## Supplied data
....................

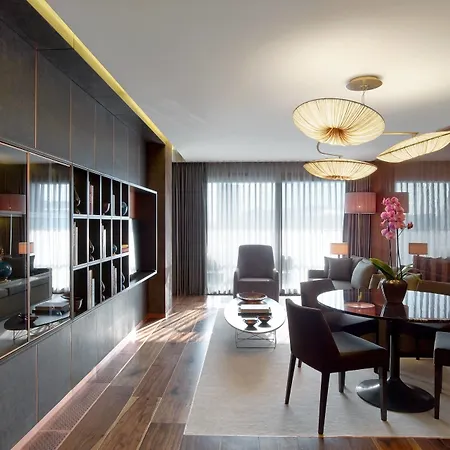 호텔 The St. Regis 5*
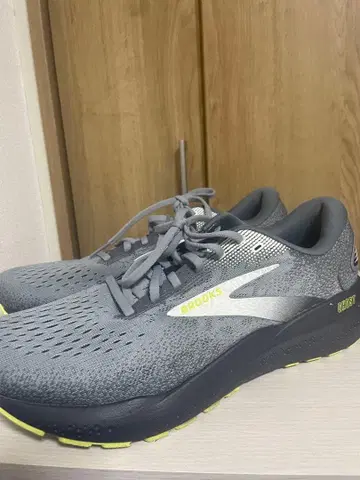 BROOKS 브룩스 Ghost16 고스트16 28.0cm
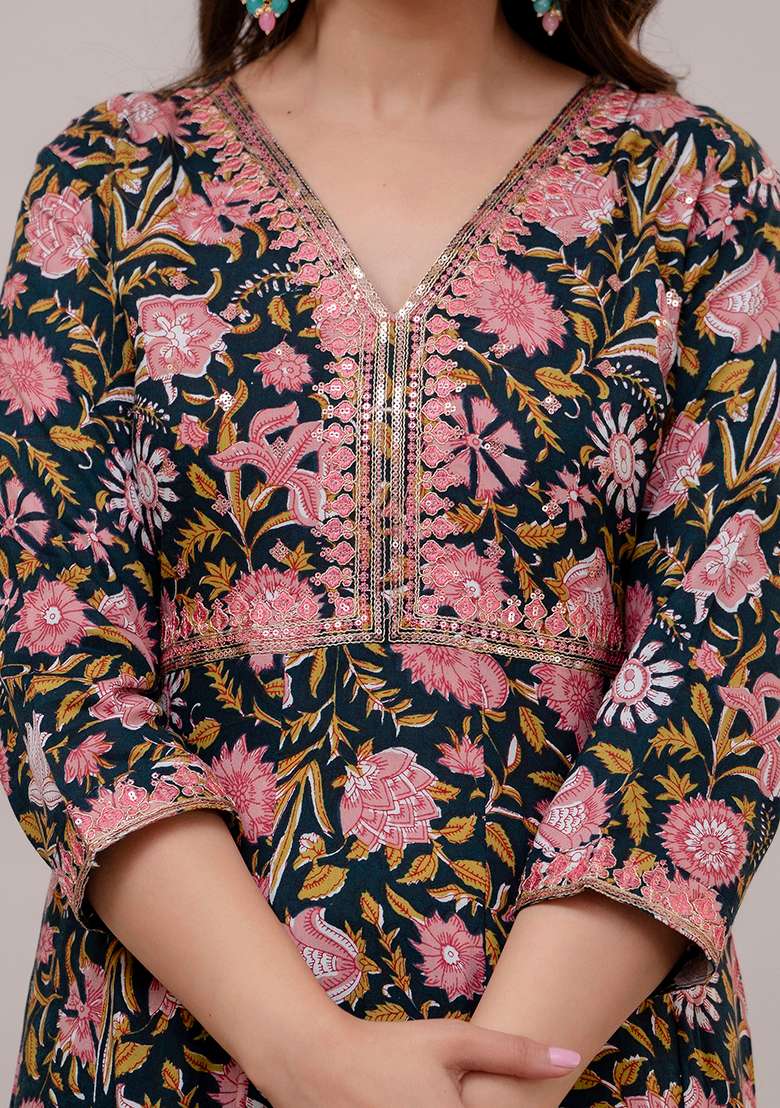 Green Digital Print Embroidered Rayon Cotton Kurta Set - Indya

....................

Print the listing verbatim; no pictures.

## Answer below
 호텔 The St. Regis 5*
 BROOKS 브룩스 Ghost16 고스트16 28.0cm
 Green Digital Print Embroidered Rayon Cotton Kurta Set - Indya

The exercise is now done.